DONETSK/SLAVIANSK, Ukraine, (Reuters) – Pro-Moscow rebels declared a resounding victory in a referendum on self-rule for eastern Ukraine, with some saying that meant independence and others eventual union with Russia as fighting flared in a conflict increasingly out of control.

Organisers in the main region holding the makeshift vote yesterday said nearly 90 percent had voted in favour.

Well before polls closed, one separatist leader said the region would form its own state bodies and military after the referendum, formalising a split that began with the armed takeover of state buildings in a dozen eastern towns last month.

Another said the vote simply showed that the East wanted to decide its own fate, whether in Ukraine, on its own, or as part of Russia.

“Eighty-nine percent, that’s it,” the head of the separatist electoral commission in Donetsk, Roman Lyagin, said by telephone when asked for the result of a vote that the pro-Western Ukrainian government in Kiev has condemned as illegal.

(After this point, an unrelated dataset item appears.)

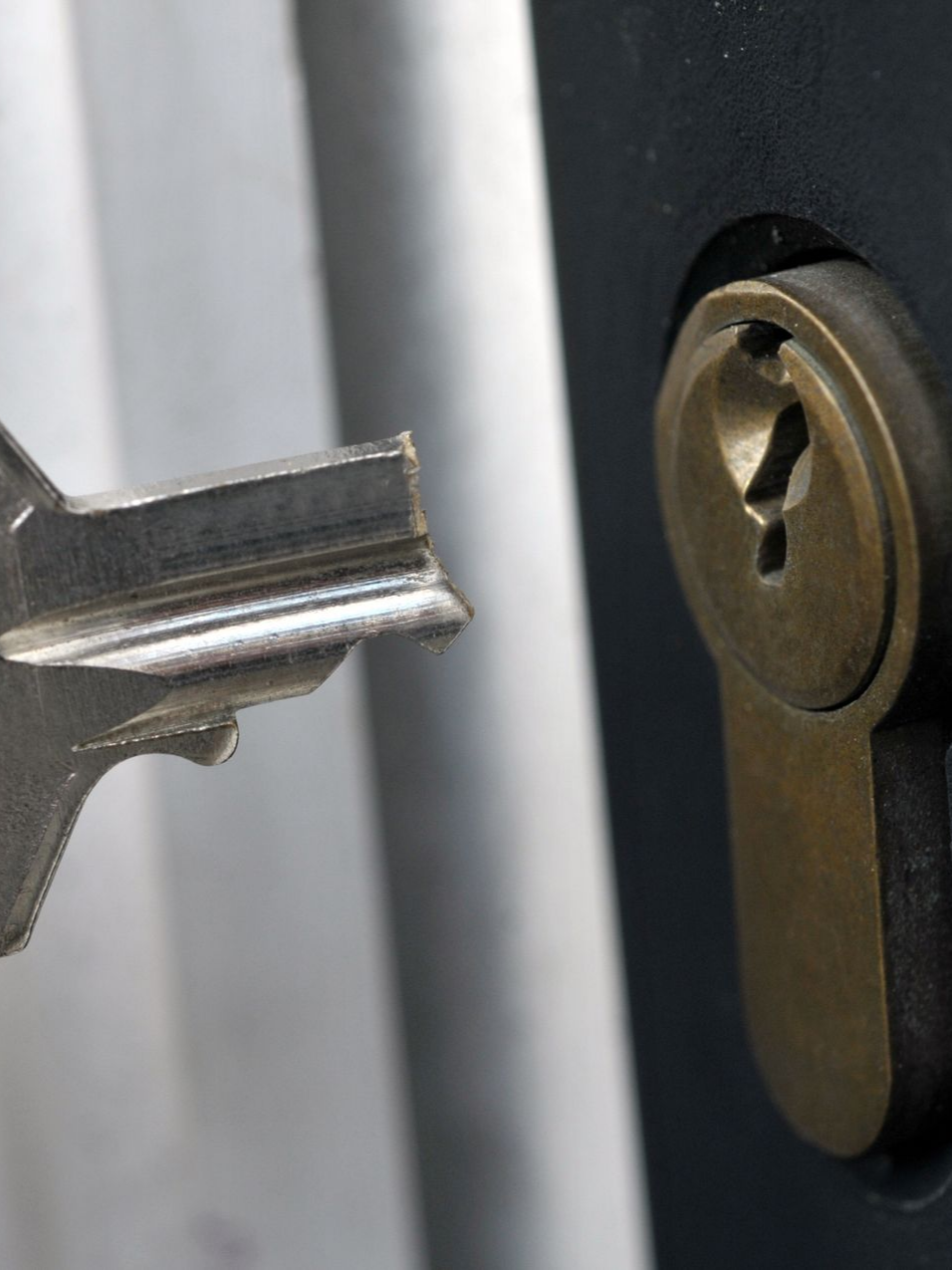 Une clé en argent à côté de la serrure d'une poignée de porte en laiton, sur le point d'être insérée.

Yesterday’s vote went ahead despite a call by Russian President Vladimir Putin on Wednesday to postpone it – a move that briefly raised hopes for an easing of tension. Western leaders have accused Putin of destabilising Ukraine, a charge Moscow denies.

The European Union declared the referendum illegal and prepared to increase pressure on Russia on Monday by taking a first step towards extending sanctions to companies, as well as people, linked to Moscow’s annexation of Ukraine’s Crimea region.

A festive atmosphere at makeshift polling stations in some areas belied the potentially grave implications of the event. In others, clashes broke out between separatists and troops over ballot papers and control of a television tower. Zhenya Denyesh, a 20-year-old student voting early at a university building in the rebel stronghold of Slaviansk, said: “We all want to live in our own country”. But asked what he thought would follow, he replied: “It will still be war.”

In the southeastern port of Mariupol, scene of fierce fighting last week, there were only eight polling centres for a population of half a million. Queues grew to hundreds of metres (yards) in bright sunshine, with spirits high as one centre overflowed and ballot boxes were brought onto the street.

On the eastern outskirts, a little over an hour after polls opened, soldiers from Kiev seized what they said were falsified ballot papers, marked with Yes votes, and detained two men.

They refused to hand the men over to policemen who came to take them away, saying they did not trust them. Instead, they waited for state security officers to interview and arrest them. On the edge of Slaviansk, fighting broke out around a television tower shortly before people began making their way through barricades of felled trees, tyres and machinery for a vote the West says is being orchestrated by Moscow. The Ukrainian Defence Ministry said one serviceman was wounded.

A man was later reported killed in a clash in the eastern town of Krasnoarmeisk, Interfax-Ukraine news agency said, adding to a toll so far in the dozens but creeping higher by the day.

 

MORE SANCTIONS

LOOM

Western leaders, faced with Russian assertiveness not seen since the Cold War, have threatened more sanctions in the key areas of energy, financial services and engineering if Moscow disrupts a presidential election planned in Ukraine on May 25.